McLaren says its failures in Canada and Monaco have exposed a reliability problem that is “not yet where it needs to be,” with team principal Andrea Stella arguing the team’s customer-engine status has become a genuine disadvantage for the first time.
That shift comes just two races after a Miami double podium that followed McLaren’s first major upgrade of the year. Instead of building on that momentum, the team lost Lando Norris to a gearbox failure in Montreal and then suffered another retirement in Monaco with a power-unit problem.
Stella said the pattern matters more than any single incident. Speaking in Monaco to Motorsport.com, Autosport and other media, he said: “Never before we felt that being a customer team has put us on the back foot.” He made clear that was “not because you are a lower priority for [Mercedes] HPP,” but because a customer team has “less opportunities to integrate, to stay on the same timeline when it comes to addressing reliability problems or exploitation of the power unit from a performance point of view.”
In Stella’s view, the issue is structural rather than a case of one supplier failure. He said McLaren has had “issues pretty much in all areas of the car,” with the Monaco stoppage linked to the power unit while “the gearbox problem on Lando’s car in Canada” was “purely on the McLaren side.”
He tied the wider concern to the current rules cycle, saying there are “many reasons” why power-unit reliability and the benefits of being a works team have “come into focus in 2026” amid “such a major technical regulation change.” The limitation, he said, is in the level of integration available to a customer operation, including matching timelines on fixes, combining chassis and power-unit work, and using facilities in the same way as a factory team.
McLaren is now trying to tackle the problem on two levels with Mercedes HPP. Stella said the existing relationship allows the team to “review item by item, learn from each item and solve it technically,” but added that this alone is not enough “when you don't know what's coming.”
That has pushed McLaren into a broader review of how the two organizations work together. Stella said the team needs to examine “the depth, the intensity and the effectiveness of the various meetings, engagement, sharing of information, processes – from factory to factory, track to track, track to factory, and so on.” He said those conversations “have already started for some months now,” are “relatively wide-ranging,” and reflect the need to operate “at a new level of collaboration” because of “so much novelty” in 2026.

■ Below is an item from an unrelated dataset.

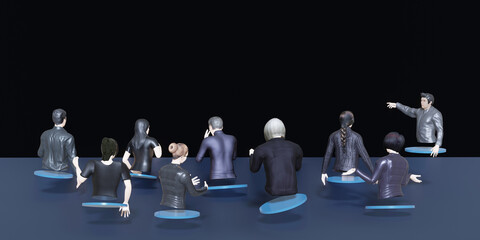 Metaverse Party avatars and online meetings via VR glasses in the world of Metaverse and 3D illustrations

Stella insisted he was “not pointing fingers” at Mercedes HPP and called the partnership “highly successful,” stressing that not all of McLaren’s reliability trouble sits with its engine supplier. But with fixes requiring lead time, the recent run of failures has left McLaren confronting a bigger question than two isolated DNFs: whether its customer-team model can keep pace with the demands of the new regulations.